> [Exercise aim]
Stop after the line containing "Frölundas Dominik Egli"; retype every line of the data before it exactly, starting from the first.

> [Web page caption snippets]
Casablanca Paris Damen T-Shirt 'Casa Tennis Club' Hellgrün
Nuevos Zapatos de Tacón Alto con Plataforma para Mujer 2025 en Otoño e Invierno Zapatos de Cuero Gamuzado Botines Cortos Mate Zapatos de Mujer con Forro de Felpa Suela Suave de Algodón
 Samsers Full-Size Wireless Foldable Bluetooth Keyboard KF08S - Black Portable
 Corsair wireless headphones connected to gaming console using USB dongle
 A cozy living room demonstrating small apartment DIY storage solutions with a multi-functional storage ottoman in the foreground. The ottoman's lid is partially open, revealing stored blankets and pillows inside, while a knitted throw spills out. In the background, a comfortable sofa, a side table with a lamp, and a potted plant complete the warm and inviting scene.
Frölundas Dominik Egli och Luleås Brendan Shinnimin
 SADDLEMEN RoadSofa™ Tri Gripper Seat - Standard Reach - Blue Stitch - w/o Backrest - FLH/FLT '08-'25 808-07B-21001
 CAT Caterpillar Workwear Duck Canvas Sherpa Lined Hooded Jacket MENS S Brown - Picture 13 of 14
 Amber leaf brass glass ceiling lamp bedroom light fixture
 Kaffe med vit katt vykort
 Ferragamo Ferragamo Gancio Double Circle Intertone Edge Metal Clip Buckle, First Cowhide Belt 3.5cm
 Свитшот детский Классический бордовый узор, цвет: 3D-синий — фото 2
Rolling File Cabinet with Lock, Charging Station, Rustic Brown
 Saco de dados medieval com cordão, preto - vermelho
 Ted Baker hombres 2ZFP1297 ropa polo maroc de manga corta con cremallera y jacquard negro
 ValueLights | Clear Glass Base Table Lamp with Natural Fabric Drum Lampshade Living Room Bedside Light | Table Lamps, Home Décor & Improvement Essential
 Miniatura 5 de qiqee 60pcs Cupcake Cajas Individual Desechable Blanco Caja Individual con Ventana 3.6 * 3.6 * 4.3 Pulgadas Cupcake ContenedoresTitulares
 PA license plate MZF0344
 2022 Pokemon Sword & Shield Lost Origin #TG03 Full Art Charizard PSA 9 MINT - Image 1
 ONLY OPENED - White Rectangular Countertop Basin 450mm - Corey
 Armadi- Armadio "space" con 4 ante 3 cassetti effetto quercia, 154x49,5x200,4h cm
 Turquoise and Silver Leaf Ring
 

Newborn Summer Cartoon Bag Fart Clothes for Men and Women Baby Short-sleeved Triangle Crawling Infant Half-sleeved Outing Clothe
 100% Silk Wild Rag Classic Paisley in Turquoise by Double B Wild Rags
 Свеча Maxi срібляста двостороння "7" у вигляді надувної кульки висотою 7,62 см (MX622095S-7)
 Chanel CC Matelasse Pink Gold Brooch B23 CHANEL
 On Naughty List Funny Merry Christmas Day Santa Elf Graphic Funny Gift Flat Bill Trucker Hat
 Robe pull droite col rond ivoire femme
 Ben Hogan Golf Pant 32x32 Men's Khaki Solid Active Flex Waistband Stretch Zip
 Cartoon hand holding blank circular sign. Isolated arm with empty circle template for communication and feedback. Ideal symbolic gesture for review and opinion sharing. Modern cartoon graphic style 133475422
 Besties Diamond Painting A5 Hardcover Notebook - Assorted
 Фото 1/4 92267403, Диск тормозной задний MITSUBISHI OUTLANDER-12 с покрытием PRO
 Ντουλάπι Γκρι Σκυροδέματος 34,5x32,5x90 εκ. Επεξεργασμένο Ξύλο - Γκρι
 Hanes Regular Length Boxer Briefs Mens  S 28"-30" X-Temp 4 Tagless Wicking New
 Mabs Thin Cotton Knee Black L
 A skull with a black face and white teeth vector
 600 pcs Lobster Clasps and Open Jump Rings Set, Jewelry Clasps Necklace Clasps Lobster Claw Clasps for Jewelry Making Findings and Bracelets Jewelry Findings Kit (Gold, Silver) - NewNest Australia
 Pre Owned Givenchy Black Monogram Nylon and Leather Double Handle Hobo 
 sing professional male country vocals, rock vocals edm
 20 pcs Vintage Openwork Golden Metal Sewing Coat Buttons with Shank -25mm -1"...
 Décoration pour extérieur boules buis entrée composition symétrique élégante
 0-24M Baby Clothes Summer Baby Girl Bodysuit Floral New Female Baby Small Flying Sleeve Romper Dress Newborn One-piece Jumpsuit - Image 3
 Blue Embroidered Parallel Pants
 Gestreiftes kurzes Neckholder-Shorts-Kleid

> [Solution for this problem]
Casablanca Paris Damen T-Shirt 'Casa Tennis Club' Hellgrün
Nuevos Zapatos de Tacón Alto con Plataforma para Mujer 2025 en Otoño e Invierno Zapatos de Cuero Gamuzado Botines Cortos Mate Zapatos de Mujer con Forro de Felpa Suela Suave de Algodón
 Samsers Full-Size Wireless Foldable Bluetooth Keyboard KF08S - Black Portable
 Corsair wireless headphones connected to gaming console using USB dongle
 A cozy living room demonstrating small apartment DIY storage solutions with a multi-functional storage ottoman in the foreground. The ottoman's lid is partially open, revealing stored blankets and pillows inside, while a knitted throw spills out. In the background, a comfortable sofa, a side table with a lamp, and a potted plant complete the warm and inviting scene.
Frölundas Dominik Egli och Luleås Brendan Shinnimin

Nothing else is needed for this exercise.